**Task statement**
An exact copy of every entry is the answer here, with no pictures.

(Beginning of Record extracts)

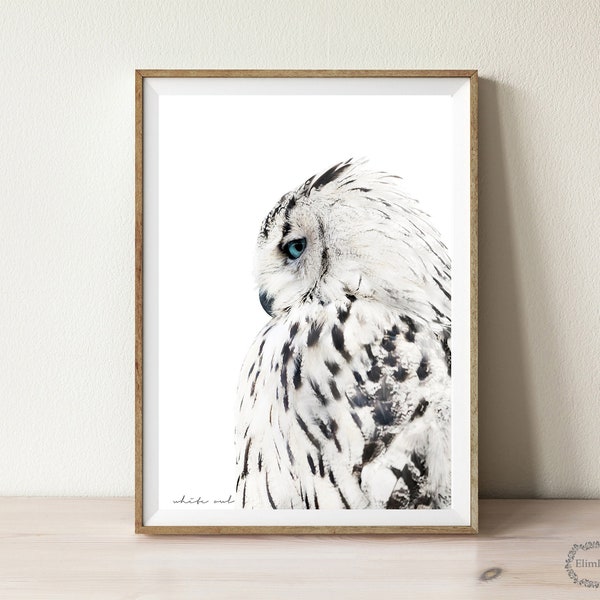 Owl wall art print, modern owl print,bird printable art,black and white printable poster, instant download , modern animal wall art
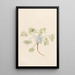 Double Bladderpod Physaria didymocarpa - Mary Vaux Walcott — quadro incorniciato alla parete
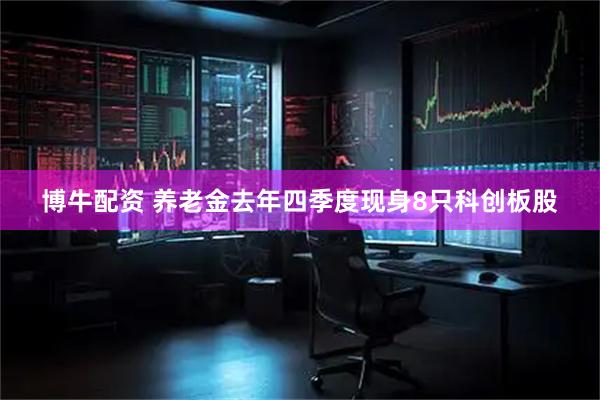 博牛配资 养老金去年四季度现身8只科创板股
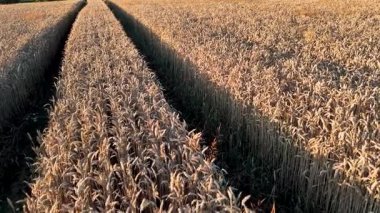 Olgun buğday tarlasının drone görüntüsü. Buğday dünyanın ana tarım ürünüdür. Hasat zamanı buğday tarlası. Buğday kulakları yakında. Tarım imajı. Olgun buğday kulakları altın rengidir..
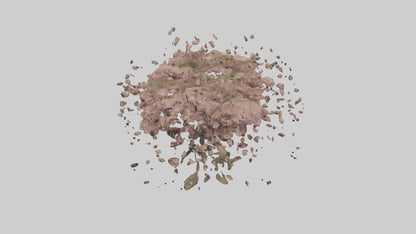 3D model Cherry tree model VR / AR / low-poly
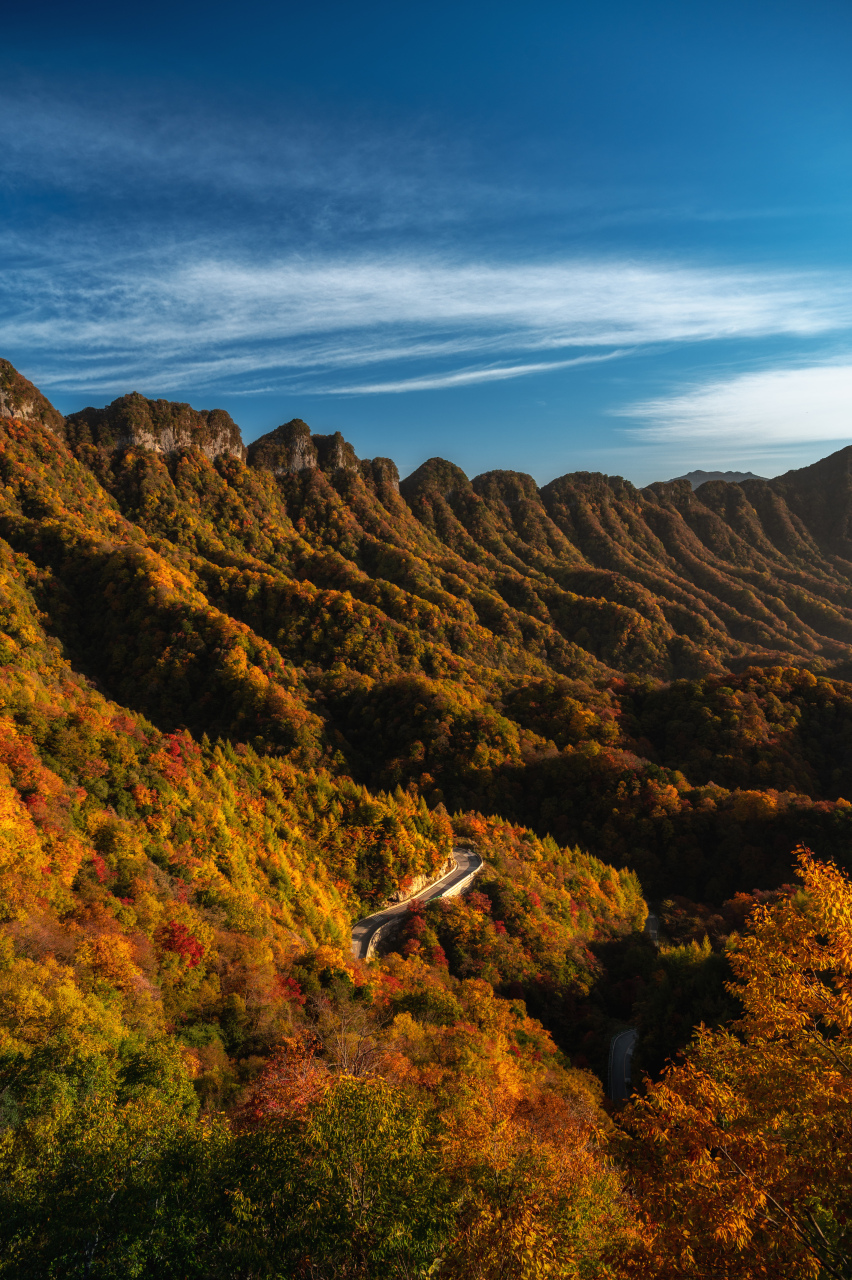 9493秋天的风景,红叶可以代表一种,在四川巴中光雾山,漫山的红叶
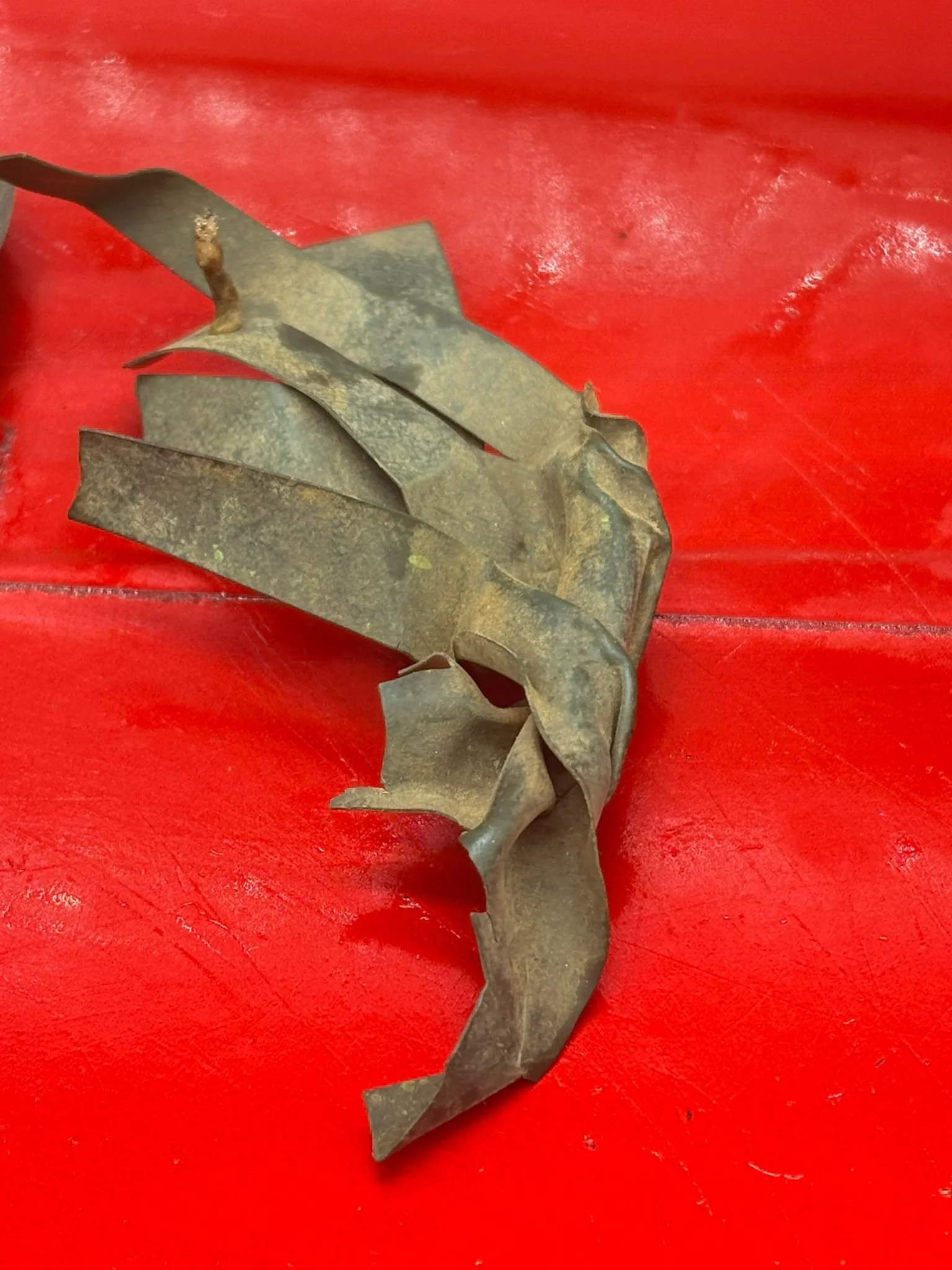 WhatsApp Image 2025-11-20 at 19.04.39 (1).jpeg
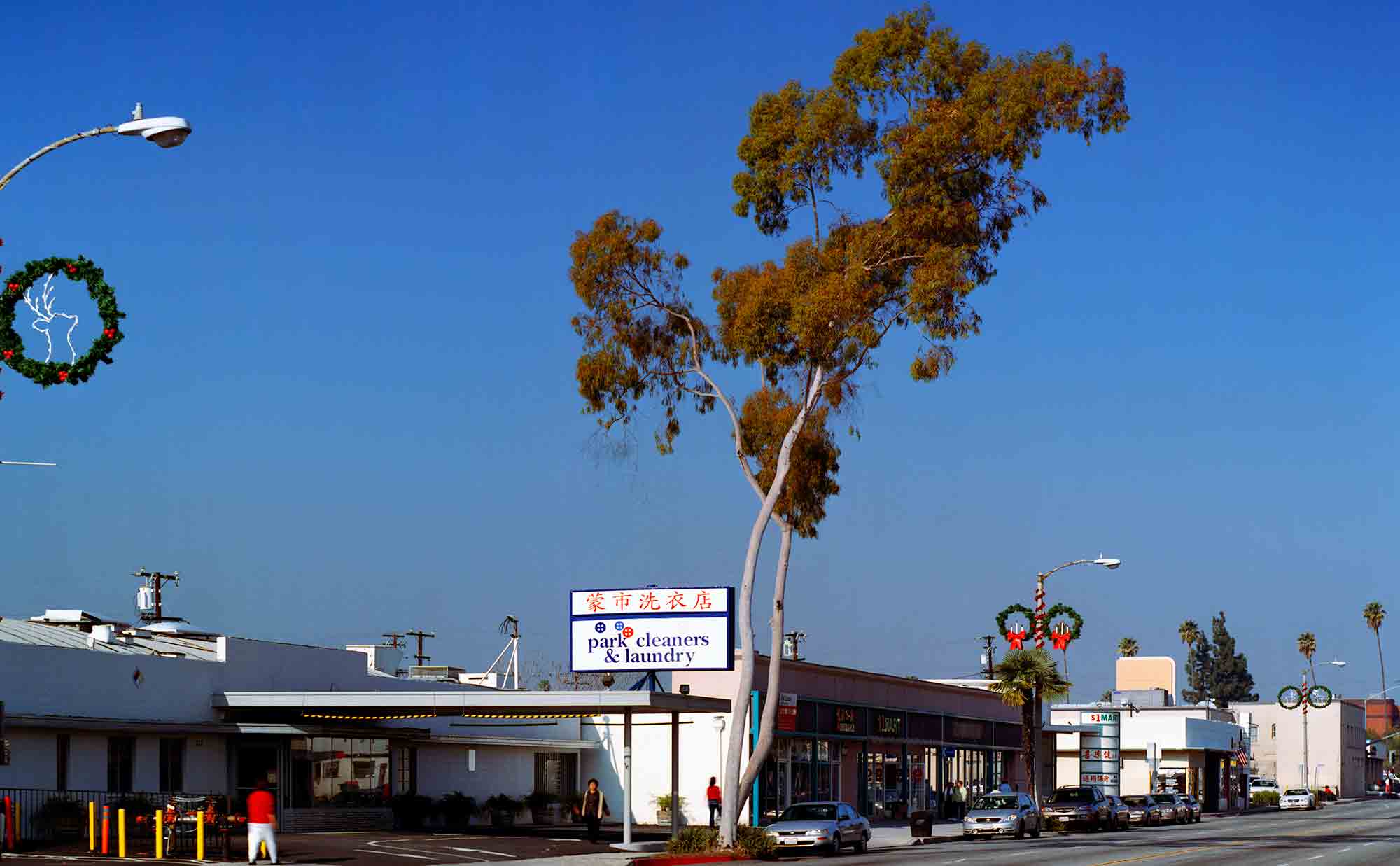 34-Eucalyptus-#32,-Monterey-Park,-2004.jpg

(End of Record extracts)

**Answer to the problem**
 Owl wall art print, modern owl print,bird printable art,black and white printable poster, instant download , modern animal wall art
 Double Bladderpod Physaria didymocarpa - Mary Vaux Walcott — quadro incorniciato alla parete
 博牛配资 养老金去年四季度现身8只科创板股
 Olgun buğday tarlasının drone görüntüsü. Buğday dünyanın ana tarım ürünüdür. Hasat zamanı buğday tarlası. Buğday kulakları yakında. Tarım imajı. Olgun buğday kulakları altın rengidir..
 3D model Cherry tree model VR / AR / low-poly
 9493秋天的风景,红叶可以代表一种,在四川巴中光雾山,漫山的红叶
 WhatsApp Image 2025-11-20 at 19.04.39 (1).jpeg
 34-Eucalyptus-#32,-Monterey-Park,-2004.jpg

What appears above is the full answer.